Local High School Students tour Ellsworth’s Fabrication Flight

  • Published
  • By Airman 1st Class Dylan Maher
  • 28th Bomb Wing Public Affairs

Sparks were flying – literally – when more than 40 Douglas High School students spent the day touring the 28th Maintenance Squadron's Fabrication Flight at Ellsworth Air Force Base, South Dakota, Dec. 12, 2023.

Once a year the Fabrication Flight organizes an interactive tour allowing students interested in metal fabrication the opportunity to meet Airmen who perform these trades daily, as well as auxiliary shops they work with and do some hands-on activities.

“The initiative behind these tours is to give students a glimpse of what our job entails in the Air Force,” said Tech. Sgt.

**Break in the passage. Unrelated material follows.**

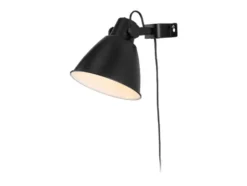 LED-Wandspot, 4,2 W
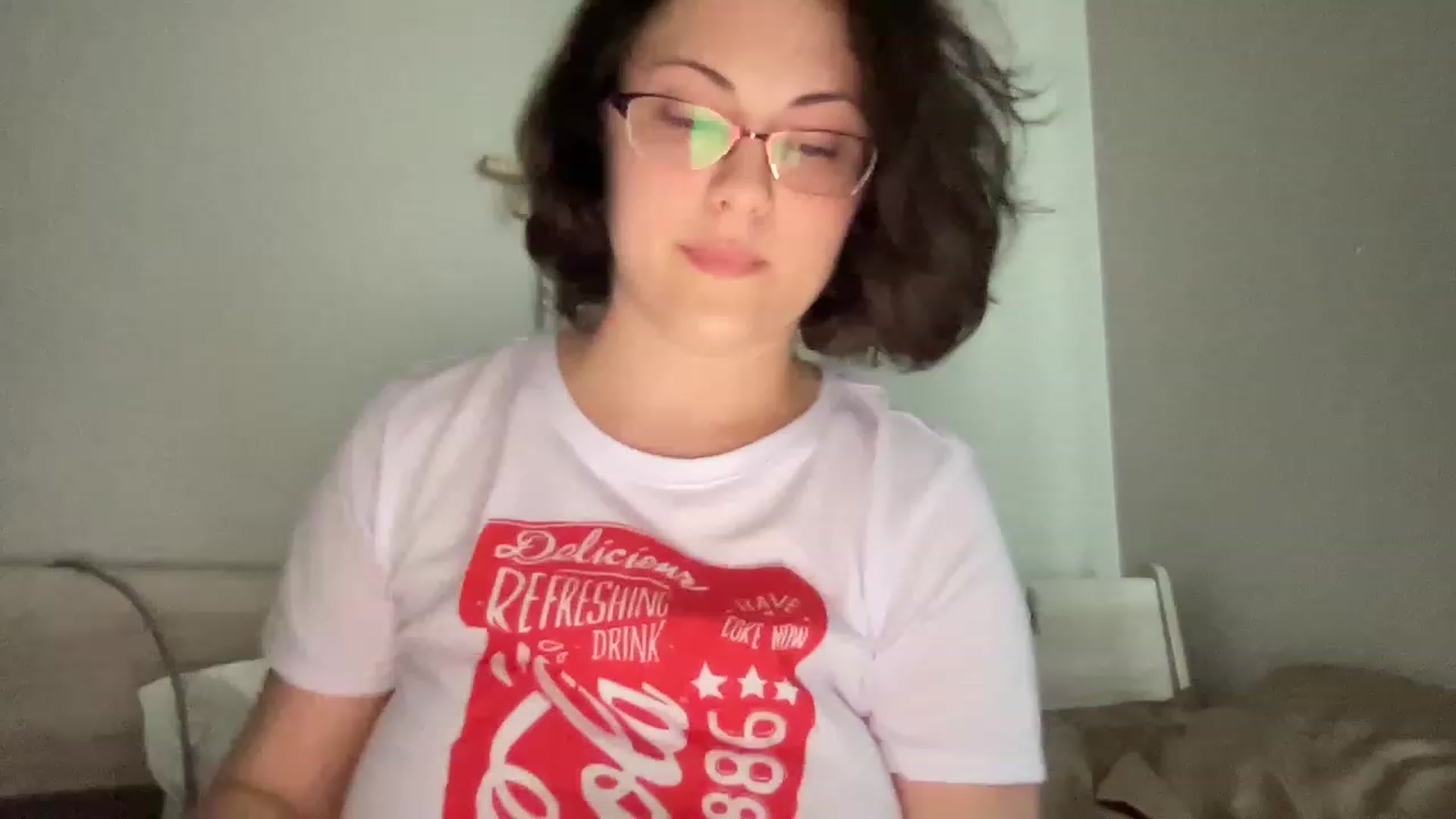 Gallery image thumbnail from Sexy_Sona's myfreecams stream on, 08/11/2023, 17:28 image 6 of 20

Michael Craig, 28th MXS noncommissioned officer in charge of aircraft structural maintenance. “It provides insight into our job specialties and trades which students may not have even known existed in the military.”

After meeting with the Fabrication Flight team, the students – all of whom are all currently enrolled in a multidisciplinary workshop class teaching basic principles of welding, woodworking and carpentry skills – were divided into smaller groups and rotated through various stations. These stations highlighted the fabrication, egress, electrical and environmental engineering, aircraft metals technology and additive manufacturing and cold spray shops.

“Imagine the opportunity to live a day-in-the-life of a career field before you even apply,” said Senior Airmen Stepheon Stewart, 28th Maintenance Squadron aircraft structural maintenance journeyman. “That is the beauty of this opportunity: a hands-on experience to see what the job entails before ever committing to it.”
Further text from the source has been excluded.